Data to examine:
┄┄┄┄┄┄

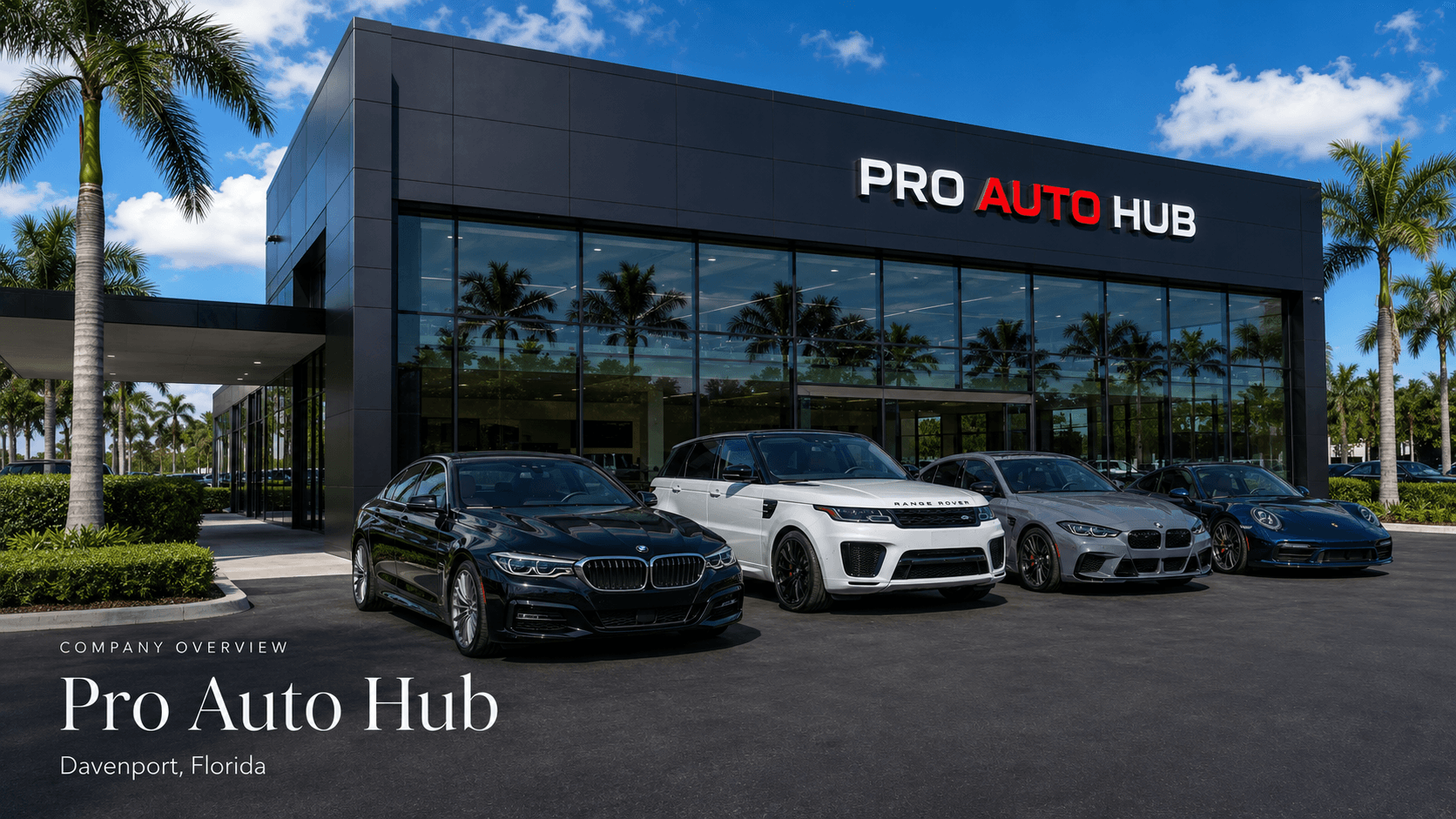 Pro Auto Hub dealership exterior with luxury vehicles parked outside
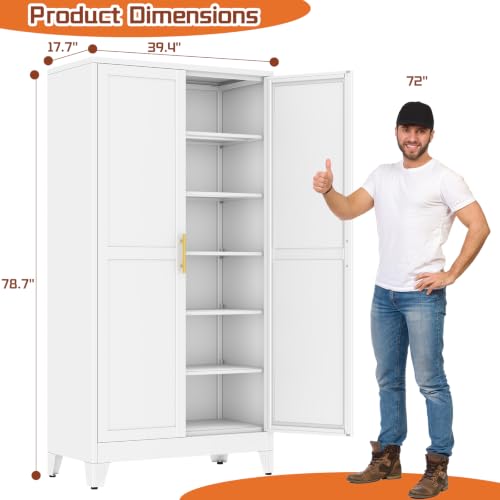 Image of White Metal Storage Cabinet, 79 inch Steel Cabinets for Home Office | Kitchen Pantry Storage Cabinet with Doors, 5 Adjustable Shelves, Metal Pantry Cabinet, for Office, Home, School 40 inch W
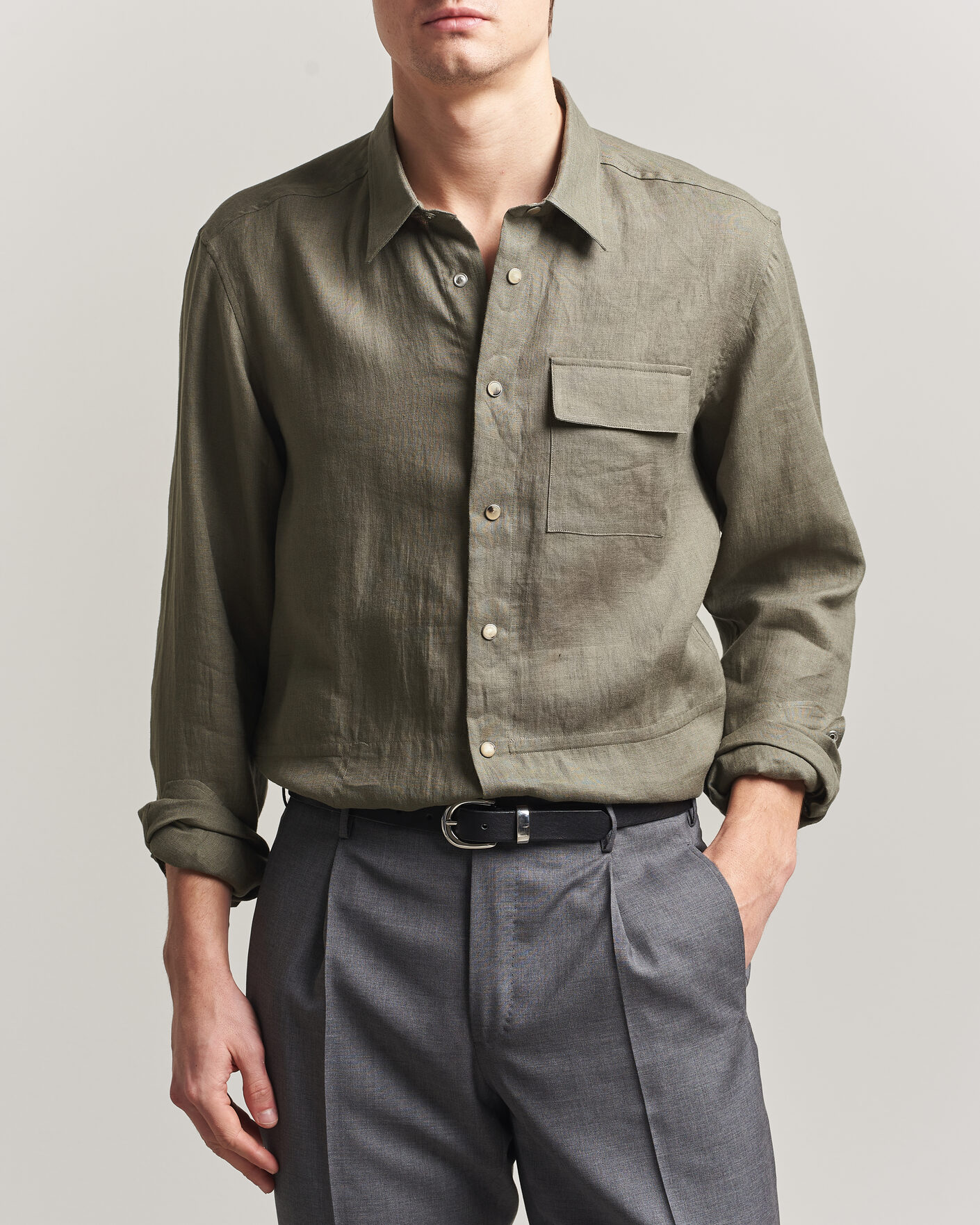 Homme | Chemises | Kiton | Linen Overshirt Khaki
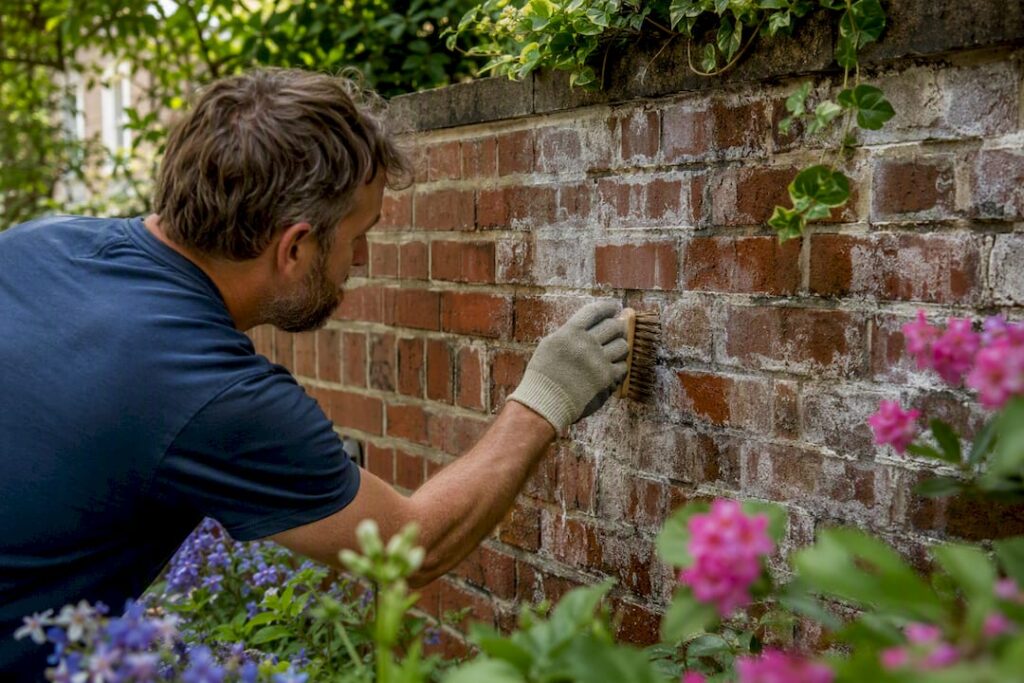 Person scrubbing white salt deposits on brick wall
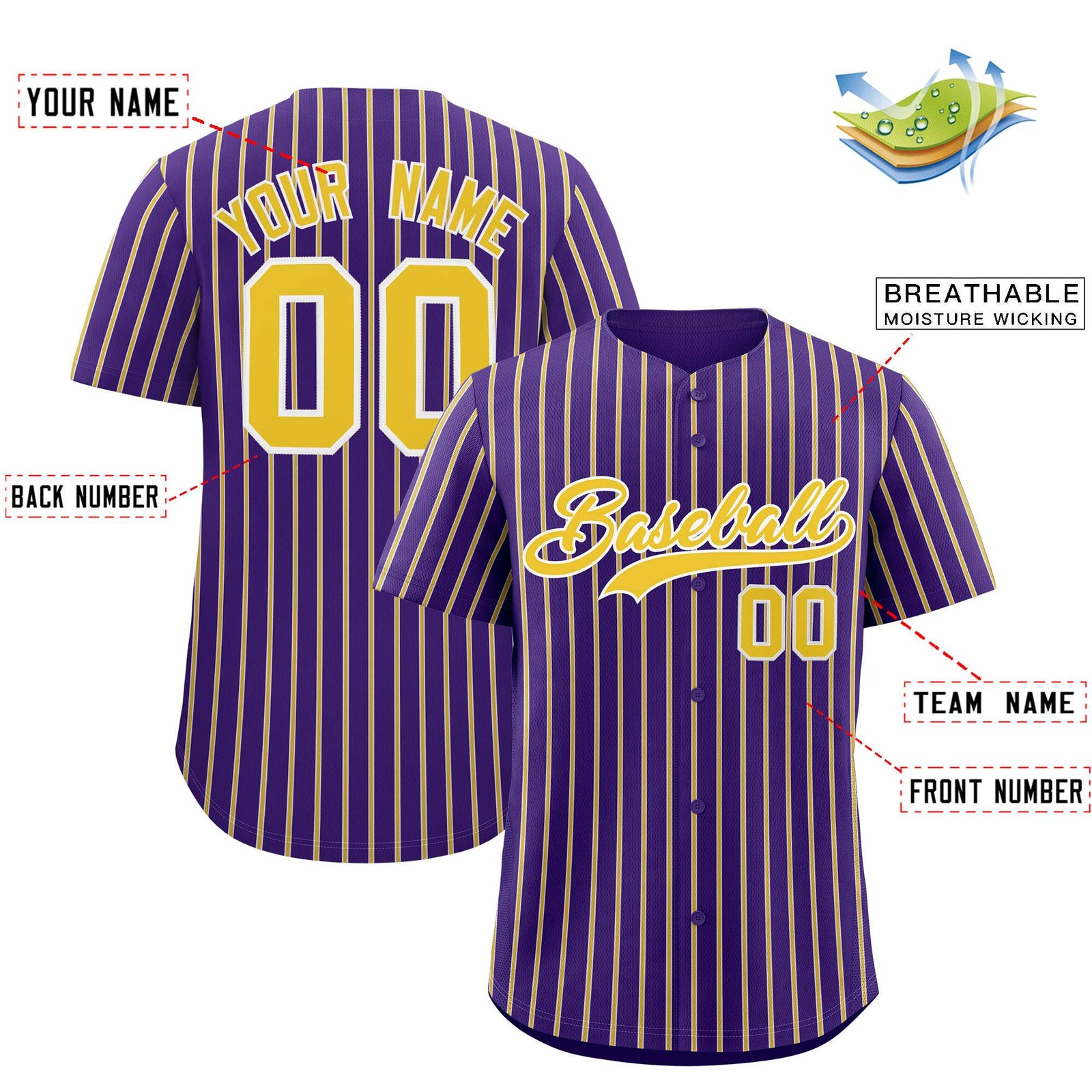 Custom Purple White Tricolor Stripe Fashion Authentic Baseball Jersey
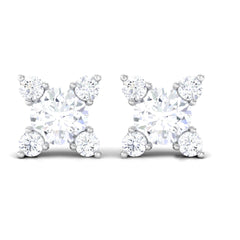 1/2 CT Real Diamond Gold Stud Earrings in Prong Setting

┄┄┄┄┄┄

What the exercise asks: Copy out every entry above verbatim. Leave each picture out.

Expected output:
 Pro Auto Hub dealership exterior with luxury vehicles parked outside
 Image of White Metal Storage Cabinet, 79 inch Steel Cabinets for Home Office | Kitchen Pantry Storage Cabinet with Doors, 5 Adjustable Shelves, Metal Pantry Cabinet, for Office, Home, School 40 inch W
 Homme | Chemises | Kiton | Linen Overshirt Khaki
 Person scrubbing white salt deposits on brick wall
 Custom Purple White Tricolor Stripe Fashion Authentic Baseball Jersey
 1/2 CT Real Diamond Gold Stud Earrings in Prong Setting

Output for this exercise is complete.